# roller furling conversion on small boat compac 16 legacy



## edepstein (Jul 24, 2020)

Will a roller furling conversion from hank on jib decrease perfomance on a compac 16 legacy?
Ed


----------



## Arcb (Aug 13, 2016)

Maybe a bit, I am not sure if you would really notice it. You probably aren't racing a Compac Legacy? Roller furling can be a nice thing to have on a small boat like that.


----------



## Minnewaska (Feb 21, 2010)

That one time you don’t feel like sailing or don‘t stay out longer or don’t fly the headsail at all, because it’s too much hassle, all reduce performance. I say get the furler.

On a different scale, I had a buddy with a 49 ft Taswell, without any electric winches. If conditions were marginal or variable, he would never go through the effort of raising all the sails, just to find out. We sailed 2-3x more than he.

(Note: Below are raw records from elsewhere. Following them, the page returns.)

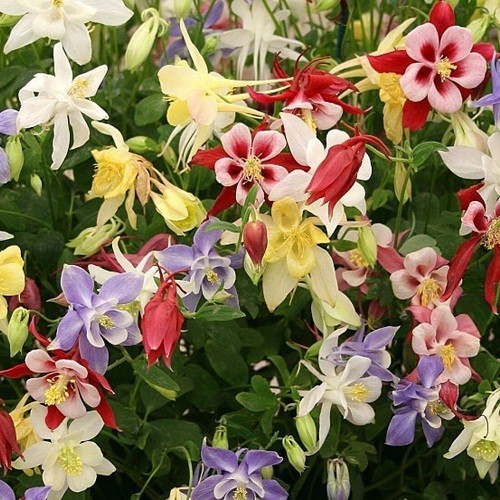 1,000+ McKana Giants Columbine Perennial Seeds Mixed Multiple Colors Aquilegia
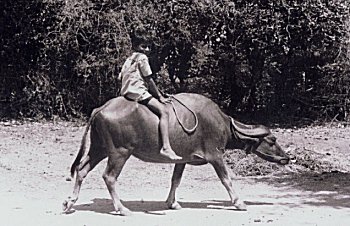 Village Life in India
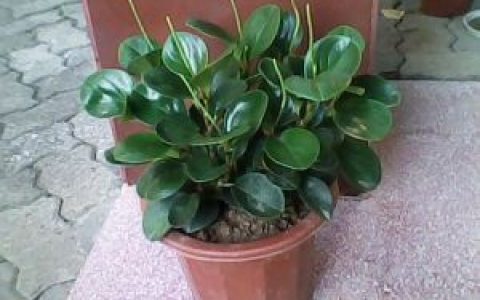 碧玉花(多年生常绿草本植物)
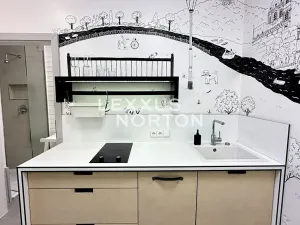 Prodej bytu 1+1, Praha - Vršovice, Kodaňská, 56 m2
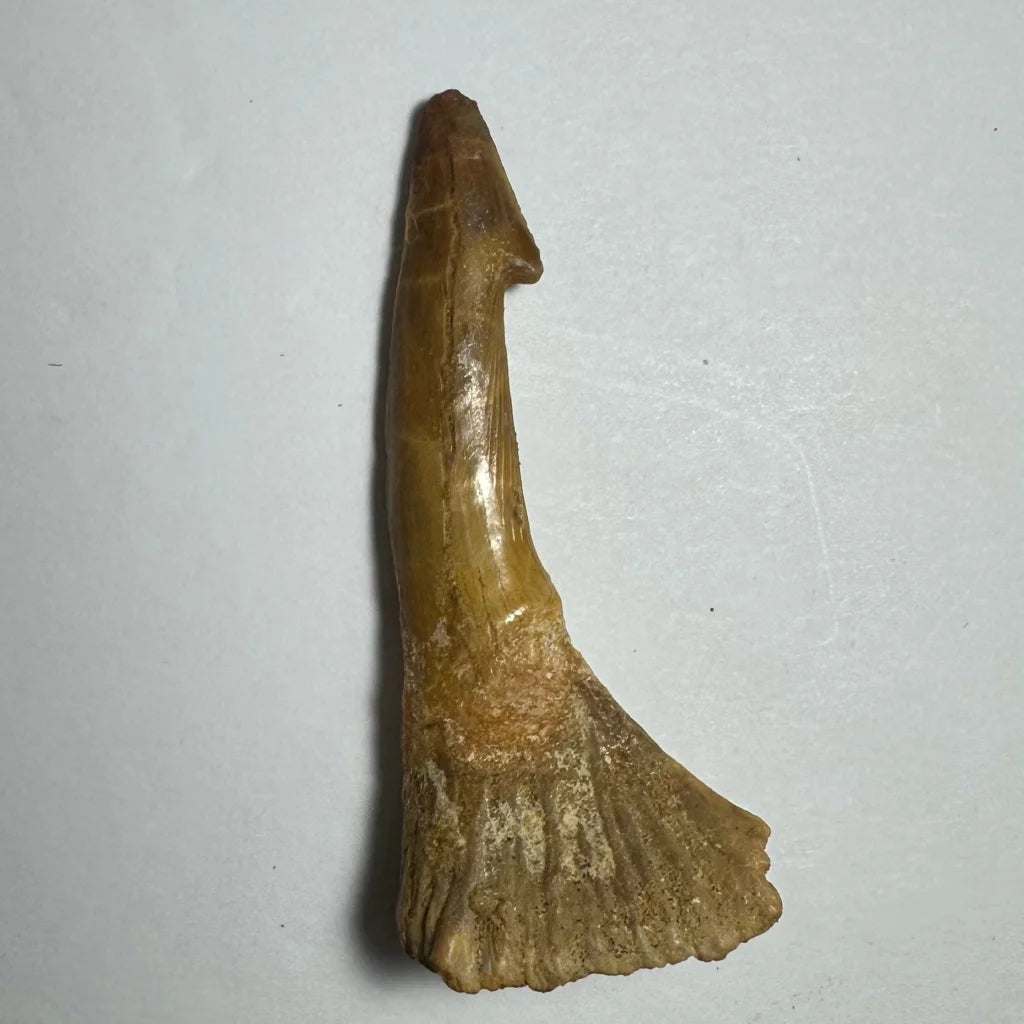 Fossilized Ancient Onchopristis barb tooth from Morocco with serrated edges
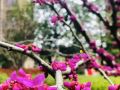 lanzhou-january-international-youth-hostel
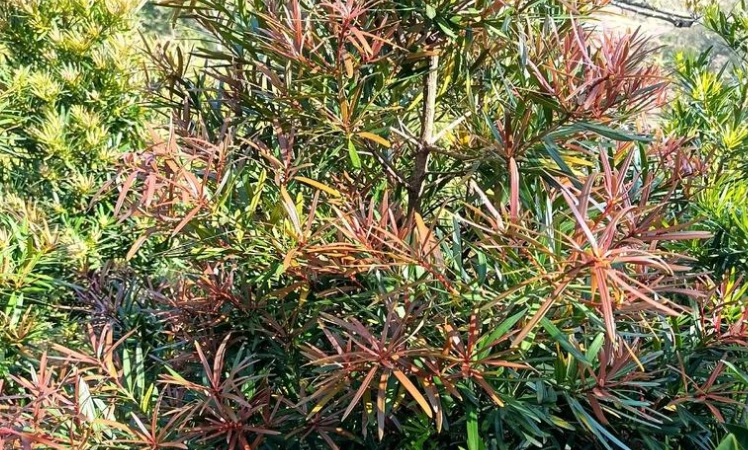 羅漢松葉子變紅處理 羅漢松葉子變紅處理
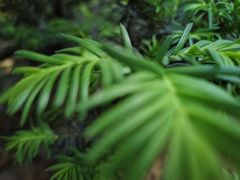 -沈阳植物园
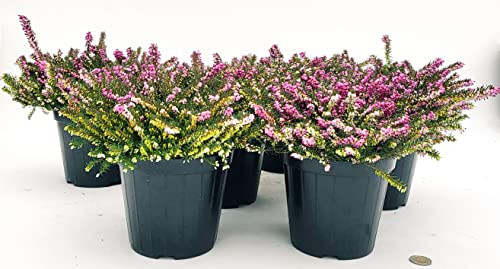 POWERS TO FLOWERS - ERICA CARNEA DARLEYENSIS ROSSA, 9 PIANTE, VASO 12CM DIAMETRO, piante vere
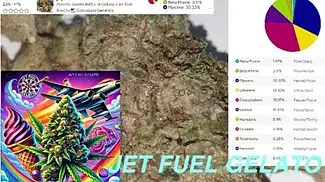 Pure Sunfarms™ T23 Jet Fuel Gelato Medical Cannabis Flower - UK REVIEW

Make it as convenient as you can. Enjoy.


----------



## overbored (Oct 8, 2010)

no it can increase your performance . the foil actually will improve the air flow over the leading edge of the sail the same as a round leading edge does on a low speed aircraft wing. creates a aerodynamic fatter airfoil out of a thin leading edge can also improve performance when the wind is up and you can reef a bit to keep the boat over the rudder and not heel so much.


----------



## jephotog (Feb 25, 2002)

Minnewaska said:


> That one time you don't feel like sailing or don't stay out longer or don't fly the headsail at all, because it's too much hassle, all reduce performance. I say get the furler.
> 
> On a different scale, I had a buddy with a 49 ft Taswell, without any electric winches.


Does he not have roller furling on his Tazewell?


----------